Under Bergoglio's leadership, Argentina's bishops issued a collective apology in October 2012 for the church's failures to protect its flock. But the statement blamed the era's violence in roughly equal measure on both the junta and its enemies.

"Bergoglio has been very critical of human rights violations during the dictatorship, but he has always also criticized the leftist guerrillas. He doesn't forget that side," said the biographer Rubin.
The statements came far too late for some activists, who accused Bergoglio of being more concerned about the church's image than about aiding the many human rights investigations into the junta era.

[R]ights attorney Bregman said Bergoglio's own statements proved church officials knew from early on that the junta was torturing and killing its citizens, and yet publicly endorsed the dictators.  "The dictatorship could not have operated this way without this key support," she said.

Bergoglio also was accused of turning his back on a family that lost five relatives to state terror, including a young woman who was five months' pregnant before she was kidnapped and killed in 1977. The De la Cuadra family appealed to the leader of the Jesuits in Rome, who urged Bergoglio to help them; Bergoglio then assigned a monsignor to the case. Months passed before the monsignor came back with a written note from a colonel: The woman had given birth in captivity to a girl who was given to a family "too important" for the adoption to be reversed.

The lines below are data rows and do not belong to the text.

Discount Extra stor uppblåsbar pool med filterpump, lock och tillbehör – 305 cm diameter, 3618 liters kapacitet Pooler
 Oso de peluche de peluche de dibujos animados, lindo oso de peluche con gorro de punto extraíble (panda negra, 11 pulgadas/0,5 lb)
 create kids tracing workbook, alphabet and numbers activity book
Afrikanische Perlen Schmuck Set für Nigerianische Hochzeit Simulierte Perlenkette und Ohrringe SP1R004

Despite this written evidence in a case he was personally involved with, Bergoglio testified in 2010 that he didn't know about any stolen babies until well after the dictatorship was over.
The new pope may like to put forth a simple and humble facade, but these reports raise serious questions about his true morality - or lack thereof.    Personally, the selection of Bergoglio as the new pope seems only too appropriate for an institution that has orchestrated a worldwide criminal conspiracy to protect sexual predators and avoid paying just compensation to victims of sexual abuse by priests.  Morally bankrupt is the term that first springs to mind.   Thus my question remains: how can moral and decent individuals remain members of the Catholic Church.